Mostrar-se (publicado originalmente em 24/9/2013)

A grande influência de Woody Allen é Ingmar Bergman, de ‘O Sétimo Selo’ (1957). Mas ao começar a carreira, em fins dos anos 1950 nos stand ups da vida, e na década de 1960, já nas telinhas da TV e telonas do cinema, vemos um Woody Allen escrachado, debochado e corajoso. Em ‘Bananas’ (1971), San Marcos é a republiqueta da América atolada de crises. Dominada por ditadura militar há anos, após assassinar o presidente em transmissão ao vivo de emissoras de TV (!), a nação está em vias de ver eclodir a rebelião de grupos da esquerda.
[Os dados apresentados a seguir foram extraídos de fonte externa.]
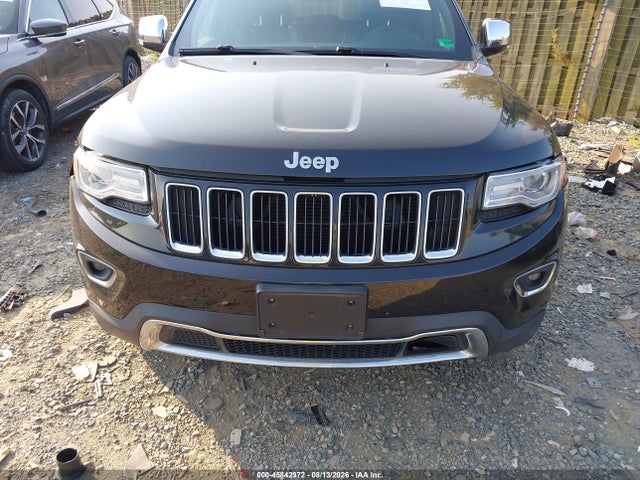 Aukcja sprzedaży 2015 Jeep Grand Cherokee Limited, vin: 1C4RJFBG9FC609726, numer aukcji: 45842972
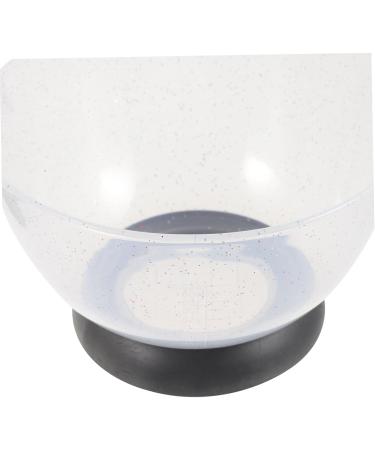 DOITOOL Mixing Bowls Tools Hair Dye Making Hair Dying Mixing Bowl Hair Dye Mixing Bowl with Handle Facial Hair Dye Bowl DIY Hair Dye Holder Bowl for Mixing Silica Gel Care Hair Color Brush - Buy Online on GoSupps.com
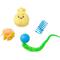 Show in main carousel: Frisco Easter Chick Plush, Spring & Ball Variety Pack Cat Toy with Catnip, 4 count slide 1 of 6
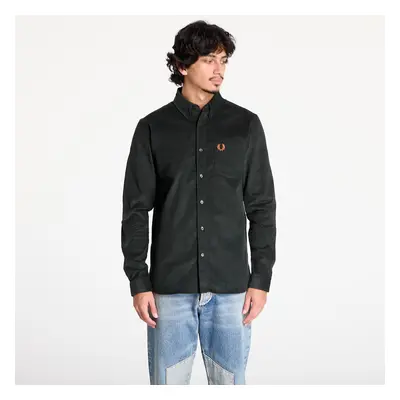 Ing FRED PERRY Corduroy Shirt Night Green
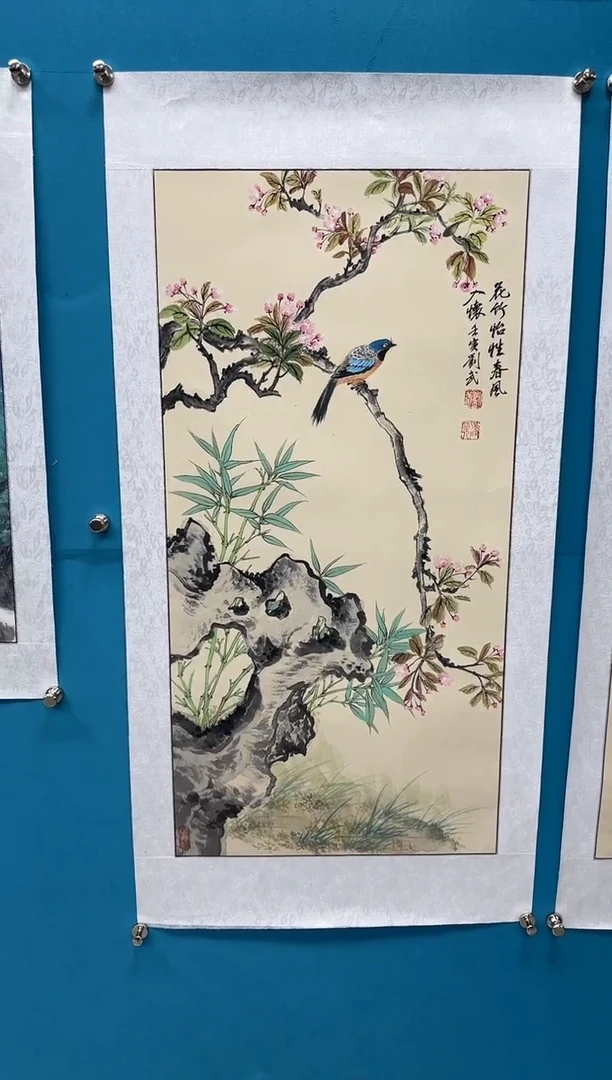 国画闪电购刘武绘画9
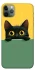 Чехол на Apple iPhone 11 Pro Max (6.5") Black cat v2 фото 1 из 1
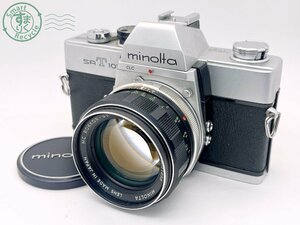 2409605790　■ Minolta ミノルタ SRT 101 一眼レフフィルムカメラ MC ROKKOR-PF 1:1.4 f=58㎜ キャップ付き カメラ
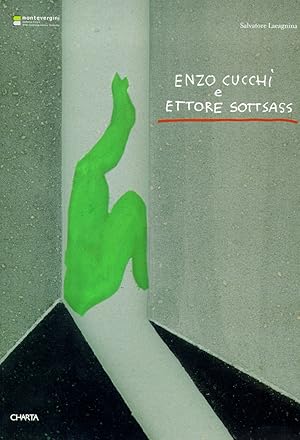 Bild des Verkufers fr Enzo Cucchi e Ettore Sottsass zum Verkauf von Libro Co. Italia Srl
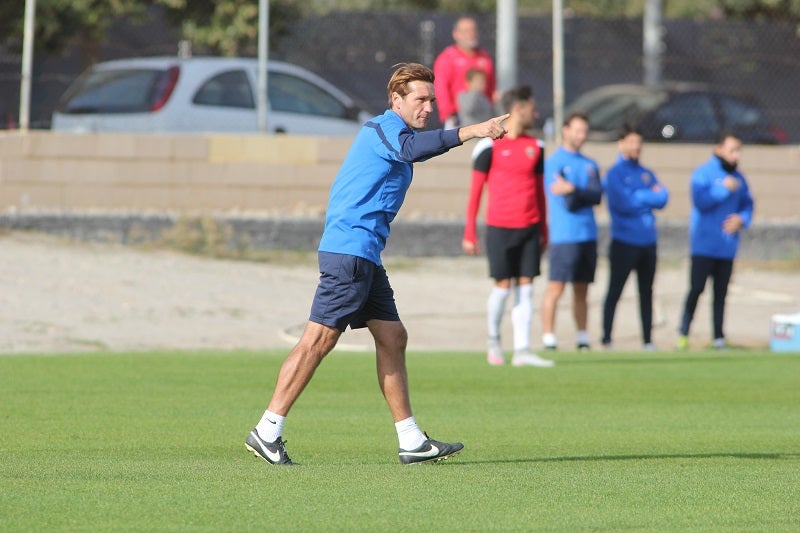 Carrillo: «El equipo va a trabajar al máximo para sacar la victoria»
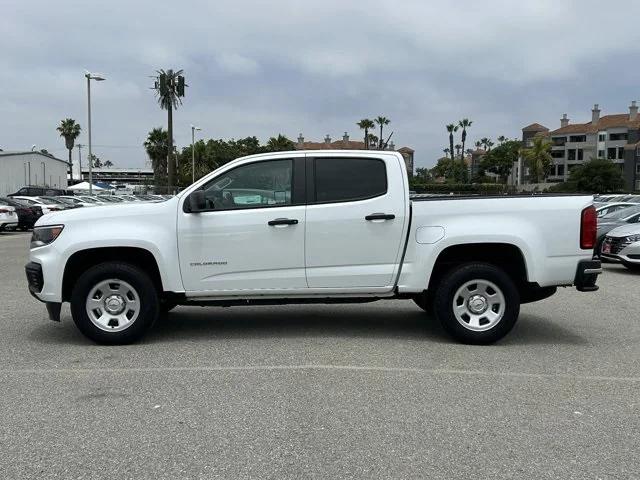 2022 Chevrolet Colorado 2WD Crew Cab Short Box WT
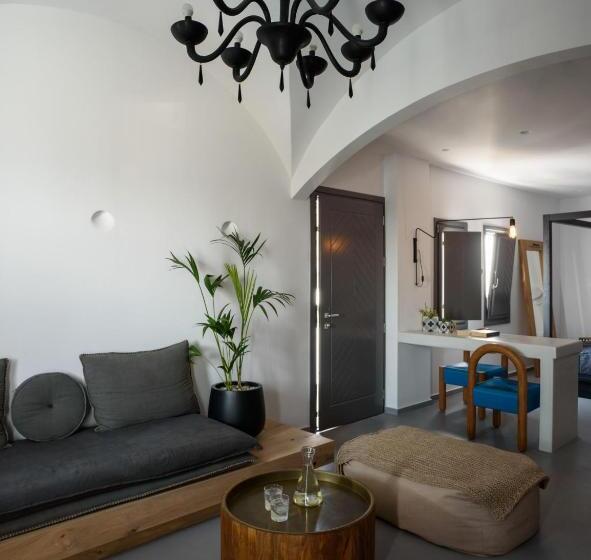 디럭스 룸 바다 전망, Afroditi Venus Beach Resort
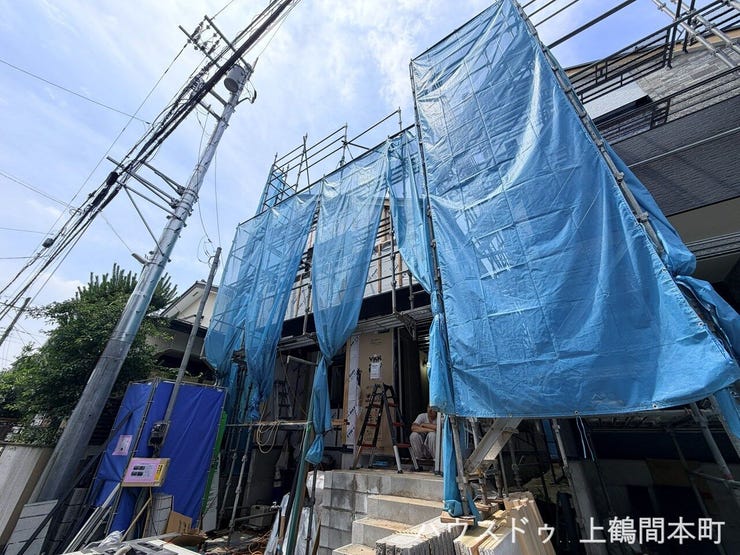 通勤通学に便利な東林間駅徒歩12分!3SLDK新築戸建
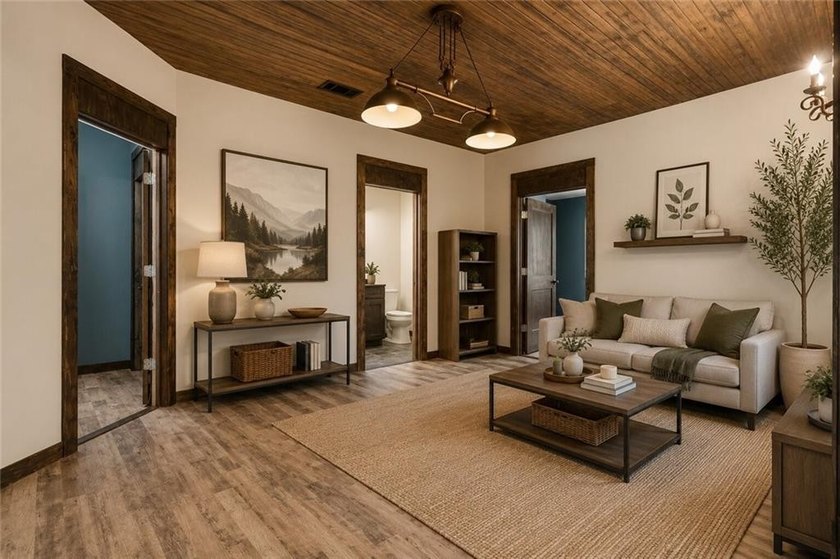 Modern barndominium on 10.28+/- private, wooded acres with TWO - photo 25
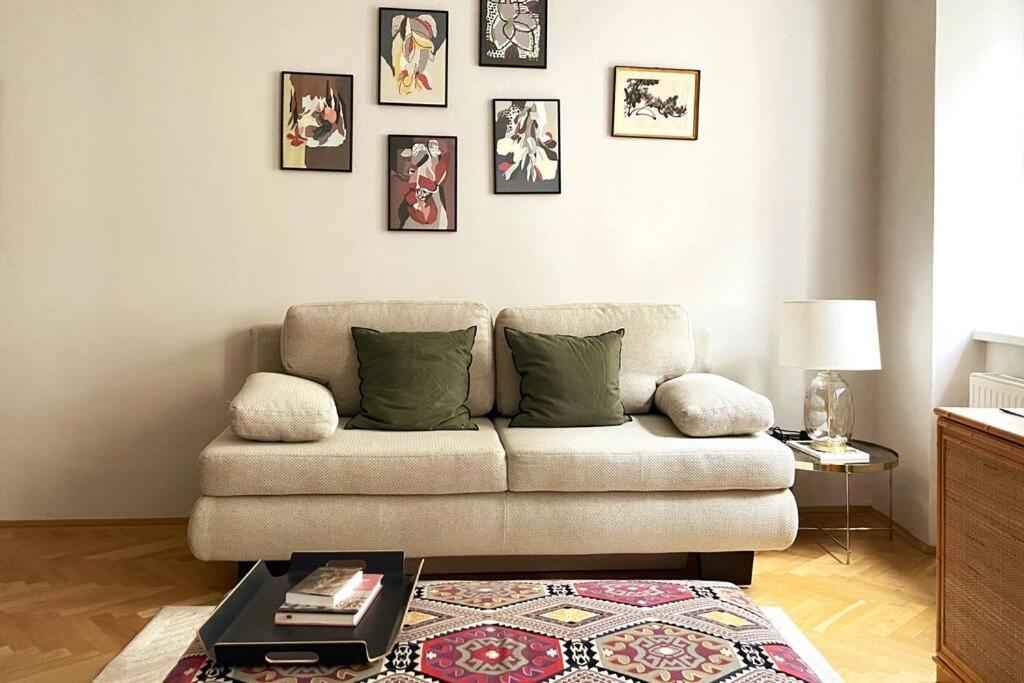 Modern & Charming @ Villas Quarter! 7Min To Center Wien Eksteriør billede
Enquanto isso, nos Estados Unidos, Fielding Mellish (Allen), um testador de produtos, paquera a filosófica Nancy (Louise Lasser), estudante engajada em libertar San Marcos dos milicos. O namoro não segue. A jovem quer do lado alguém pensante, líder, que debata política e seja idealista. Mellish não é isto. Ao contrário. Trata-se dum filhinho da mamãe de 30 e poucos anos, dependente, ingênuo.

Sentiu o flashe espocar? Pois bem. A situação de San Marcos refletia nada mais do que o instante vivido pelos países da América do Sul e Norte – Brasil incluído, Cuba inspirado. Este cenário serve para Allen fabricar diálogos sempre inteligentes, sabotadores de si mesmos, e de comicidade ímpar. Em ‘Bananas’ cheiramos traços de Federico Fellini, Charles Chaplin e outros significados do cinema desimportante. As proezas das piadas de Allen estão mais em seu físico do que no script. Mellish derruba mesas, destrói espingardas e joga bebida num general. Ponto típico chapliniano, em um filme recheado de improvisos. Um deles, quando a orquestra apenas mexe os braços, sem instrumentos, durante o jantar, é de se matar de rir. Ali F. Mellish está em San Marcos. Ele foi lá provar a Nancy os dotes esquerdistas e acaba como soldado dos rebeldes. Os militares caem, mas o líder dos insurgentes se revela tão ou mais perigoso aos brigadeiros. E por isto Mellish é a terceira via. Torna-se presidente do país e volta dos EUA disfarçado, com a barba ruiva postiça. É hilária, impagável a sequência com o intérprete na chegada ao aeroporto.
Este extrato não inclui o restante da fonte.